J’ai fondu en larmes. Point. Terminé. Final bâton. Tsu-na-mi. Pour moi, c’était la fin du monde. Mon estime de future femme venait de prendre le bord soufflée par l’odeur de dinde et de boisson cheap. Mon cerveau a alors enregistré qu’une femme, ça se fait juger et surtout ça se fait dévisager. Que le respect pour celle-ci est éphémère ou très sélectif. Du moins, de la part de certains hommes. Ce soir là, j’ai compris beaucoup trop de chose pour mon âge, mettons.

Le début de la fin.

Perte d’estime de moi, craintes, peurs, comparaisons. Ce tsunami a apporté avec lui son amie la Boulimie vers l’âge de 14 ans. J’ai souffert pendant quelques années de ce malêtre, ce cancer de l’âme.

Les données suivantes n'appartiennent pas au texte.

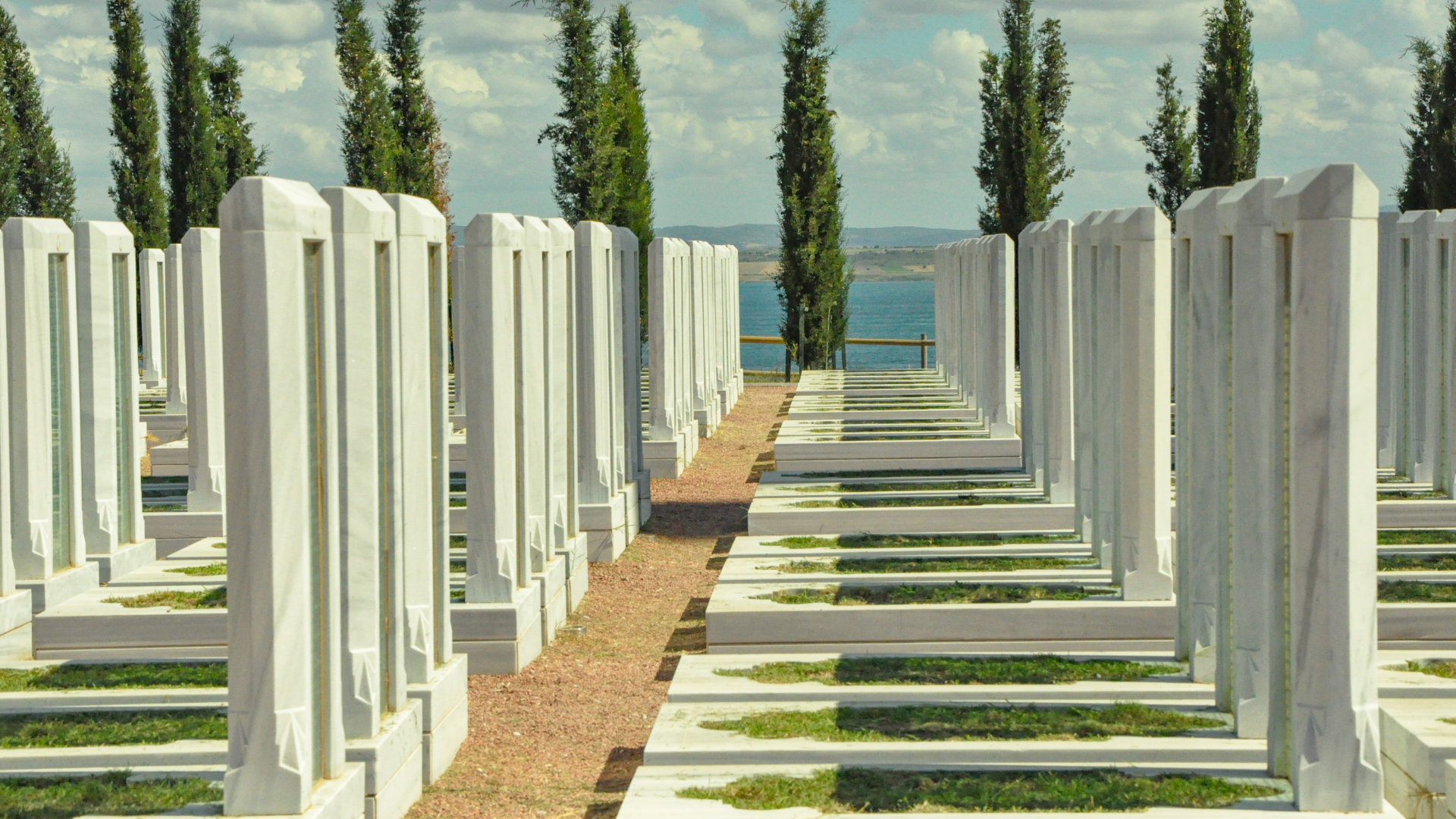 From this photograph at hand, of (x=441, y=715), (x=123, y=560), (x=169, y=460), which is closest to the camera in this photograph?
(x=441, y=715)

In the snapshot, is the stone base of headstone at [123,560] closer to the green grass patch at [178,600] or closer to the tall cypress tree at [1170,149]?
the green grass patch at [178,600]

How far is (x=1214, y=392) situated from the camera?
4.86 m

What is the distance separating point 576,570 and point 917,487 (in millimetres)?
2739

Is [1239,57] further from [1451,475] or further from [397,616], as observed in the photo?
[397,616]

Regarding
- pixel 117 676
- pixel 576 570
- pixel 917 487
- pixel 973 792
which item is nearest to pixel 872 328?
pixel 917 487

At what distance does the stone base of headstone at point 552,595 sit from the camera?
7996 mm

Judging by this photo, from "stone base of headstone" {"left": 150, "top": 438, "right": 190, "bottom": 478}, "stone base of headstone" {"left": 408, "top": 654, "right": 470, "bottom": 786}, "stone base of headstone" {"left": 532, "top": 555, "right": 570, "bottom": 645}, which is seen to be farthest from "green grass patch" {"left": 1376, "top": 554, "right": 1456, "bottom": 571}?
"stone base of headstone" {"left": 150, "top": 438, "right": 190, "bottom": 478}

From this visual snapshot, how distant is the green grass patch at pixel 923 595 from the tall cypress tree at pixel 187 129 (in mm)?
26025

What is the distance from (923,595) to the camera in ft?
23.5

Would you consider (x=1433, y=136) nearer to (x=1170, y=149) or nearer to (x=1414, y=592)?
(x=1170, y=149)

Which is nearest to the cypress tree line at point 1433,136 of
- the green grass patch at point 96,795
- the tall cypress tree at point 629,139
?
the tall cypress tree at point 629,139

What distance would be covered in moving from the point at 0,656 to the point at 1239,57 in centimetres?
2348

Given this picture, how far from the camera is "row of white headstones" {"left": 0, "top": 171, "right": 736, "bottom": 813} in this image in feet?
13.2

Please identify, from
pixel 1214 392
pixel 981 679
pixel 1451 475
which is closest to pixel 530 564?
pixel 981 679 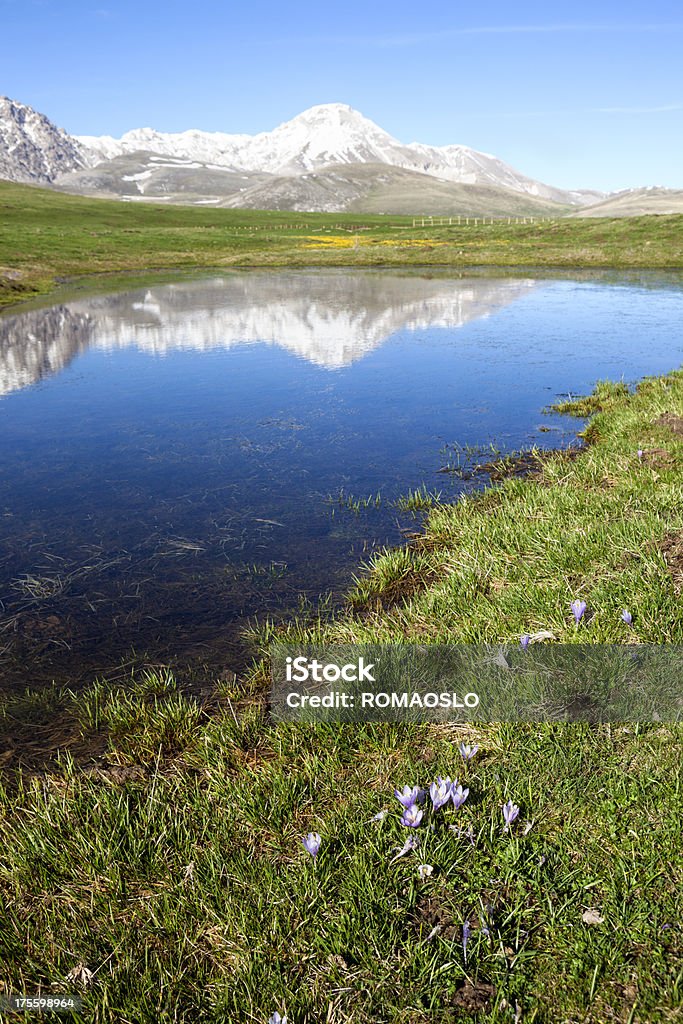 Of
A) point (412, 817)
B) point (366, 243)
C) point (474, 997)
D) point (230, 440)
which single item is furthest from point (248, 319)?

Même si j’y ai survécu, il m’arrive encore de faire des rechutes et ce trouble de l’alimentation est toujours dans mes pensées. Avec cette maladie est arrivée l’identité sexuelle. J’ai longtemps voulu cacher ma féminité. Il y a même des fois où je me disais que si j’étais née un homme, la vie aurait été bien différente… J’ai pris la sage décision de changer de disque et de me faire aider lorsque j’ai vu le contenant d’une boîte de pilules vide sur le plancher de la salle de bain et moi, couchée sur la froideur de la céramique. J’avais touché le fond… J’ai alors fait totalement l’inverse de la boulimie et j’ai commencé à compter mes calories et tout couper.Quand je dis tout, c’est tout.

J’ai vieilli, j’ai grandi, et heureusement j’ai progressé sur beaucoup de points. Jusqu’à l’arrivée de mes enfants…

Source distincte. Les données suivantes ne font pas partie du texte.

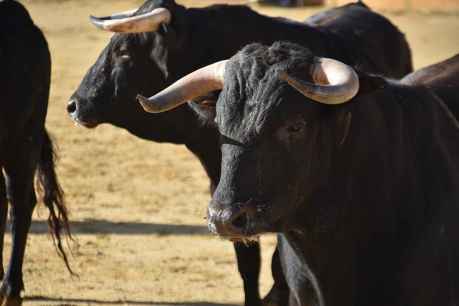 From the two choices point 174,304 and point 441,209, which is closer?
point 441,209

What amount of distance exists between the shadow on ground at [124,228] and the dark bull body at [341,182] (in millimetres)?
4282

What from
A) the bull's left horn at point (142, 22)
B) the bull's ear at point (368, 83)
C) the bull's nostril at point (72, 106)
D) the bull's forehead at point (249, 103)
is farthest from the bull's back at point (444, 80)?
the bull's nostril at point (72, 106)

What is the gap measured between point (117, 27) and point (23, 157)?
1.07 meters

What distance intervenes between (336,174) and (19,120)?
3.20 m

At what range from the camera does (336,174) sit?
4680 millimetres

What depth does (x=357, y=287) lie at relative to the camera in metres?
4.77

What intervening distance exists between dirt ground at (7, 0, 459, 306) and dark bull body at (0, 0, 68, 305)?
0.43 meters

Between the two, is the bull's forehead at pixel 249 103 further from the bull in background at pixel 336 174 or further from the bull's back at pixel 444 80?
the bull's back at pixel 444 80

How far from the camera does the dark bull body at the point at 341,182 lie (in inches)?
174

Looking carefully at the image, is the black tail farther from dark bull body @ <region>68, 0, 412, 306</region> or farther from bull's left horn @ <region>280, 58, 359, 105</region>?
bull's left horn @ <region>280, 58, 359, 105</region>

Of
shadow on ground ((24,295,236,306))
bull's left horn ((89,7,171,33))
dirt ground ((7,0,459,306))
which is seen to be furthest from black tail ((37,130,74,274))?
bull's left horn ((89,7,171,33))

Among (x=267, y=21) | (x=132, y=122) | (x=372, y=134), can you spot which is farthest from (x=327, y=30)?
(x=372, y=134)

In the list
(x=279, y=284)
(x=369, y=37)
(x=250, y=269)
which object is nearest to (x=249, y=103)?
(x=279, y=284)

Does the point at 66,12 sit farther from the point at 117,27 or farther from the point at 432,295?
the point at 432,295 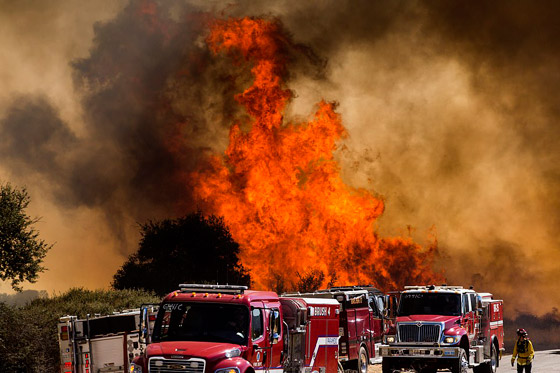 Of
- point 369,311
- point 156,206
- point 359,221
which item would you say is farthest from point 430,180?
point 369,311

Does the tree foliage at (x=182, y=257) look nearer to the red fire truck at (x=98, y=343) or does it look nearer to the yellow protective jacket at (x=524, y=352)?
the red fire truck at (x=98, y=343)

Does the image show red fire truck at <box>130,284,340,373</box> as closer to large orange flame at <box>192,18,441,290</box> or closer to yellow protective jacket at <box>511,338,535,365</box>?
yellow protective jacket at <box>511,338,535,365</box>

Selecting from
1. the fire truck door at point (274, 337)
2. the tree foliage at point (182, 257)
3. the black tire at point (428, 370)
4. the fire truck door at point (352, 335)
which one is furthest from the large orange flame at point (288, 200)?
the fire truck door at point (274, 337)

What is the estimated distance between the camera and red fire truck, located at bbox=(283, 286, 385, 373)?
29.5m

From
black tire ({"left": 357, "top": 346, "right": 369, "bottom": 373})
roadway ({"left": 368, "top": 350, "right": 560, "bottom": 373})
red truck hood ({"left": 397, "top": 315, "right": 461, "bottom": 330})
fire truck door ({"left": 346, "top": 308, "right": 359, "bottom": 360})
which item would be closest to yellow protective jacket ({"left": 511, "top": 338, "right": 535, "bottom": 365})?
red truck hood ({"left": 397, "top": 315, "right": 461, "bottom": 330})

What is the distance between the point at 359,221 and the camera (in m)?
73.6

Je m’étais dit que si j’avais des garçons, j’allais leur inculquer le respect de la femme dès leur plus jeune âge. (ce que je fais peut-être un peu trop…) Par contre, les moments qui ont suivi mes deux accouchements ont été très pénibles par rapport au regard que j’avais sur mon nouveau corps: vergetures, beaucoup de vergetures, peau étirée, hanches plus larges, etc. Mais j’y suis arrivée. Je ne suis pas encore capable d’embrasser complètement la femme que je suis, mais lentement. Je le sais.

Alors, quand je photographie des femmes qui me disent qu’elles ne sont pas belles, qu’elles ne sont pas capables de faire des photos Boudoir, qu’elles attendent de perdre X poids, ça vient chercher cette petite fille en moi de 11 ans. J’ai alors envie de vous crier que vous êtes belles telles que vous êtes et que nous vivons dans une distorsion qui semble malheureusement si réelle…

Avec vulnérabilité,

Amélie xx

 » Lorsque les gens vous montrent qui il sont vraiment, croyez les » -Maya Angelou

À quelle âge une femme n’est plus une femme?

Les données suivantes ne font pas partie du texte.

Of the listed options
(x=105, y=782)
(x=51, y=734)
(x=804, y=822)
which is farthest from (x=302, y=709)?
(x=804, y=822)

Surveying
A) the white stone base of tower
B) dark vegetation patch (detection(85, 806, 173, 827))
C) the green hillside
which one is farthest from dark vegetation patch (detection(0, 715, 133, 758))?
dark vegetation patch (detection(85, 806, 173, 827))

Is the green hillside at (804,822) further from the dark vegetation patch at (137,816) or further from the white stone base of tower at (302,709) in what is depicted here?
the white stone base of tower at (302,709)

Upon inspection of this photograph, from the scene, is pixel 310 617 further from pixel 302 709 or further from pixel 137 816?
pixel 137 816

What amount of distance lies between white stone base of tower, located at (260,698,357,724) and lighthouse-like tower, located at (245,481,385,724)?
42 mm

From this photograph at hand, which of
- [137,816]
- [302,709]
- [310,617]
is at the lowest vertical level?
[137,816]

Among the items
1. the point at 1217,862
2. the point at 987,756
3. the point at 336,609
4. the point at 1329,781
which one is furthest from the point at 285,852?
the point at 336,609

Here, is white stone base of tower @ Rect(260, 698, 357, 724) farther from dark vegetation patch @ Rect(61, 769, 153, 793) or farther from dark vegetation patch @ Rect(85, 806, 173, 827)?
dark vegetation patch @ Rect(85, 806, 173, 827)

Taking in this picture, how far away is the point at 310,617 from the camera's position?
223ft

Une femme est une femme. Mais dans notre société, on dirait qu’il y a une loi non-écrite que plus on vieilli, moins nous restons une femme aux yeux de la société. Et ce virus touche de plus en plus les jeunes…

Pourquoi la féminité serait tentée de quitter notre corps avec les bougies que nous soufflons au fil du temps? Qui a décidé que dans la définition de la féminité, l’âge y était?

FÉMINITÉ: nom féminin. Ensemble des caractères anatomiques et physiologiques propres à la femme. 

Au StudioB, la femme de 18 à 99 ans est la bienvenue. Nous célébrons la femme dans son ensemble, dans sa propre féminité, dans ses propres expériences, dans ses blessures, dans ses combats, dans ses joies.

Plusieurs femmes me disent souvent que mes clientes sont des mannequins puisqu’elles sont toutes jeunes. Alors la réponse est non. Je ne fais aucune séance avec des mannequins. Je ne peux malheureusement pas montrer toutes les clientes qui passent au StudioB, puisque la majorité ne désirent pas être « exposé ». Et je respecte entièrement leur décision. Mais sachez que chacune d’entre vous avez votre place et que vous avez le droit de vous sentir belles autant qu’une autre.

Alors, pour la nouvelle année… OSEZ!